If you haven't read Murong Xuecun's piece about China's Great Famine revisionists — those who doubt even the textbook figure that around 15 million people died prematurely from 1959-62 due to hunger — start here.
Two other stories on this subject are also worth your attention. Foreign Policy, which ran Murong's declamation, has a slideshow of propaganda posters and slogans that were published in China during the Great Famine. We sample a few images below.
And Tania Branigan of the Guardian has just profiled Yang Jisheng, author of Tombstone, which documents the Great Famine from a ground-level perspective. (Jonathan Mirsky reviewed the book for the New York Times last month.) Yang, whose father died of starvation, tells the Guardian:
He had little idea of what he would find when he started work: "I didn't think it would be so serious and so brutal and so bloody. I didn't know that there were thousands of cases of cannibalism. I didn't know about farmers who were beaten to death.
"People died in the family and they didn't bury the person because they could still collect their food rations; they kept the bodies in bed and covered them up and the corpses were eaten by mice. People ate corpses and fought for the bodies.
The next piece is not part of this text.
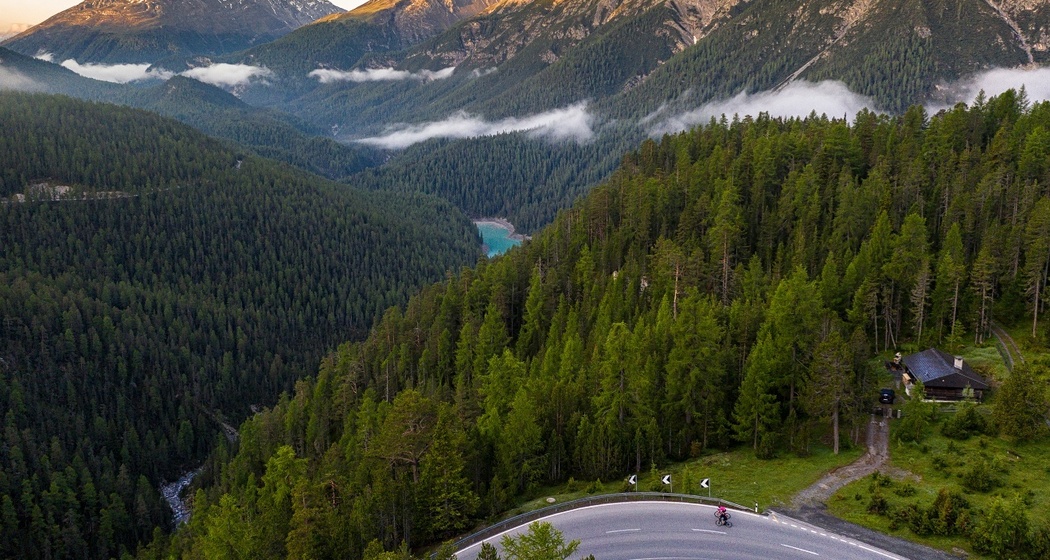 Giro Parc Naziunal Svizzer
In Gansu they killed outsiders; people told me strangers passed through and they killed and ate them. And they ate their own children. Terrible. Too terrible."
At the very least, the article serves as a necessary counterpoint to Murong's claim that "for the past six decades, the Chinese people have been living in an obscurantist system that is designed to make people stupid, foster mutual hatred, and degrade their ability to think critically and understand the world." There are plenty of people willing to think critically and talk about the past:
Paradoxically, it was his work for Xinhua that enabled him to unearth the truth about the famine, as he toured archives on the pretext of a dull project on state agricultural policies, armed with official letters of introduction.
Numerous people helped him along the way; local officials and other Xinhua staff. Did they realise what he was working on? "Yes, they knew," he says.
Let Them Eat Grass (Murong Xuecun, Foreign Policy)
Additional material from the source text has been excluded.